**LISTED RECORDS**
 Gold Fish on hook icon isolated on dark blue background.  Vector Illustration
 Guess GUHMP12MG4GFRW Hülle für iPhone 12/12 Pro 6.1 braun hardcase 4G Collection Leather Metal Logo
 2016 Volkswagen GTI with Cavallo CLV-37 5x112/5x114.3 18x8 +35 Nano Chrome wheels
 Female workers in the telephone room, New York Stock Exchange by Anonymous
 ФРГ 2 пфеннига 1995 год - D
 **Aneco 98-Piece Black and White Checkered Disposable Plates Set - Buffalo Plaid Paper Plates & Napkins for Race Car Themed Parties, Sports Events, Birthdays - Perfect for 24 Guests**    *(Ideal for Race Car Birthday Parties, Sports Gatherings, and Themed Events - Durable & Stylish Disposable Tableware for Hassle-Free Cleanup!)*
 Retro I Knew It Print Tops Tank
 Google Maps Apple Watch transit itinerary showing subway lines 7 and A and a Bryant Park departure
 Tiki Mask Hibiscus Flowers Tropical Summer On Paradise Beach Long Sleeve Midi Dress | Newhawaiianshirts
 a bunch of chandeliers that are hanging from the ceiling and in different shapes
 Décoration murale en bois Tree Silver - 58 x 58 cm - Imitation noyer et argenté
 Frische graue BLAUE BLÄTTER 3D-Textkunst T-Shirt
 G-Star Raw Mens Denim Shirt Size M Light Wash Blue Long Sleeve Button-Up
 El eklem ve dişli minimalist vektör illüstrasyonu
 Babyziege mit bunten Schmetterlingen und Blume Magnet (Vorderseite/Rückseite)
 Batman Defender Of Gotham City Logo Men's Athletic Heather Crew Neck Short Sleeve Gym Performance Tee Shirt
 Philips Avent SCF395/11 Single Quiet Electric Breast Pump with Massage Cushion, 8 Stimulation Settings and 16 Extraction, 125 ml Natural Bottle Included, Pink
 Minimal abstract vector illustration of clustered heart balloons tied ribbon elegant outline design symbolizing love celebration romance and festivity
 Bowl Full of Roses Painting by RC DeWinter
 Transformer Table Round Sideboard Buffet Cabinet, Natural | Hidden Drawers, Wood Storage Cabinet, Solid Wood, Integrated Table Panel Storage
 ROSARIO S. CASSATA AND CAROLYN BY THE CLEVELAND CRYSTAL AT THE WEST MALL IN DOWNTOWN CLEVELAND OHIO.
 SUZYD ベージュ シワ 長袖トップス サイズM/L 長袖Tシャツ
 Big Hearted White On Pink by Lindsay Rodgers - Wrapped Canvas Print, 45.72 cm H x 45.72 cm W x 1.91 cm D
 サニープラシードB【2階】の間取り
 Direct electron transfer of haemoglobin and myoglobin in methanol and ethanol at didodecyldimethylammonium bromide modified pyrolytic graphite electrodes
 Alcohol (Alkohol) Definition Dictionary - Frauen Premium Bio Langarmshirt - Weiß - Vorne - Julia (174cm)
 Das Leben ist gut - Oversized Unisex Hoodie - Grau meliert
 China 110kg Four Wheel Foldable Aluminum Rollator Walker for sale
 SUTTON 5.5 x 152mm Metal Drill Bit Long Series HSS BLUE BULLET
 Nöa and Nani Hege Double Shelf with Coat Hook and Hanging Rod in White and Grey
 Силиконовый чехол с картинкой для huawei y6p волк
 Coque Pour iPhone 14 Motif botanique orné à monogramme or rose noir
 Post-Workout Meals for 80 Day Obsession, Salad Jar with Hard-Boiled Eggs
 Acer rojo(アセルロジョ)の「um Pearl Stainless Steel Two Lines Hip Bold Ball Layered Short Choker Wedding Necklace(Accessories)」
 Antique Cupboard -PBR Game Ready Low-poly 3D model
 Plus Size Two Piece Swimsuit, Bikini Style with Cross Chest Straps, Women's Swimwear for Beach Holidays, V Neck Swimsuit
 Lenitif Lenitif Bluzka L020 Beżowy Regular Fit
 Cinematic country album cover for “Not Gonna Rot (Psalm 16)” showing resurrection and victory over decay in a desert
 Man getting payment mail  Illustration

**PROBLEM STATEMENT**
Print the records once more, exactly as they were given.

**ANSWER TO THE PROBLEM**
 Gold Fish on hook icon isolated on dark blue background.  Vector Illustration
 Guess GUHMP12MG4GFRW Hülle für iPhone 12/12 Pro 6.1 braun hardcase 4G Collection Leather Metal Logo
 2016 Volkswagen GTI with Cavallo CLV-37 5x112/5x114.3 18x8 +35 Nano Chrome wheels
 Female workers in the telephone room, New York Stock Exchange by Anonymous
 ФРГ 2 пфеннига 1995 год - D
 **Aneco 98-Piece Black and White Checkered Disposable Plates Set - Buffalo Plaid Paper Plates & Napkins for Race Car Themed Parties, Sports Events, Birthdays - Perfect for 24 Guests**    *(Ideal for Race Car Birthday Parties, Sports Gatherings, and Themed Events - Durable & Stylish Disposable Tableware for Hassle-Free Cleanup!)*
 Retro I Knew It Print Tops Tank
 Google Maps Apple Watch transit itinerary showing subway lines 7 and A and a Bryant Park departure
 Tiki Mask Hibiscus Flowers Tropical Summer On Paradise Beach Long Sleeve Midi Dress | Newhawaiianshirts
 a bunch of chandeliers that are hanging from the ceiling and in different shapes
 Décoration murale en bois Tree Silver - 58 x 58 cm - Imitation noyer et argenté
 Frische graue BLAUE BLÄTTER 3D-Textkunst T-Shirt
 G-Star Raw Mens Denim Shirt Size M Light Wash Blue Long Sleeve Button-Up
 El eklem ve dişli minimalist vektör illüstrasyonu
 Babyziege mit bunten Schmetterlingen und Blume Magnet (Vorderseite/Rückseite)
 Batman Defender Of Gotham City Logo Men's Athletic Heather Crew Neck Short Sleeve Gym Performance Tee Shirt
 Philips Avent SCF395/11 Single Quiet Electric Breast Pump with Massage Cushion, 8 Stimulation Settings and 16 Extraction, 125 ml Natural Bottle Included, Pink
 Minimal abstract vector illustration of clustered heart balloons tied ribbon elegant outline design symbolizing love celebration romance and festivity
 Bowl Full of Roses Painting by RC DeWinter
 Transformer Table Round Sideboard Buffet Cabinet, Natural | Hidden Drawers, Wood Storage Cabinet, Solid Wood, Integrated Table Panel Storage
 ROSARIO S. CASSATA AND CAROLYN BY THE CLEVELAND CRYSTAL AT THE WEST MALL IN DOWNTOWN CLEVELAND OHIO.
 SUZYD ベージュ シワ 長袖トップス サイズM/L 長袖Tシャツ
 Big Hearted White On Pink by Lindsay Rodgers - Wrapped Canvas Print, 45.72 cm H x 45.72 cm W x 1.91 cm D
 サニープラシードB【2階】の間取り
 Direct electron transfer of haemoglobin and myoglobin in methanol and ethanol at didodecyldimethylammonium bromide modified pyrolytic graphite electrodes
 Alcohol (Alkohol) Definition Dictionary - Frauen Premium Bio Langarmshirt - Weiß - Vorne - Julia (174cm)
 Das Leben ist gut - Oversized Unisex Hoodie - Grau meliert
 China 110kg Four Wheel Foldable Aluminum Rollator Walker for sale
 SUTTON 5.5 x 152mm Metal Drill Bit Long Series HSS BLUE BULLET
 Nöa and Nani Hege Double Shelf with Coat Hook and Hanging Rod in White and Grey
 Силиконовый чехол с картинкой для huawei y6p волк
 Coque Pour iPhone 14 Motif botanique orné à monogramme or rose noir
 Post-Workout Meals for 80 Day Obsession, Salad Jar with Hard-Boiled Eggs
 Acer rojo(アセルロジョ)の「um Pearl Stainless Steel Two Lines Hip Bold Ball Layered Short Choker Wedding Necklace(Accessories)」
 Antique Cupboard -PBR Game Ready Low-poly 3D model
 Plus Size Two Piece Swimsuit, Bikini Style with Cross Chest Straps, Women's Swimwear for Beach Holidays, V Neck Swimsuit
 Lenitif Lenitif Bluzka L020 Beżowy Regular Fit
 Cinematic country album cover for “Not Gonna Rot (Psalm 16)” showing resurrection and victory over decay in a desert
 Man getting payment mail  Illustration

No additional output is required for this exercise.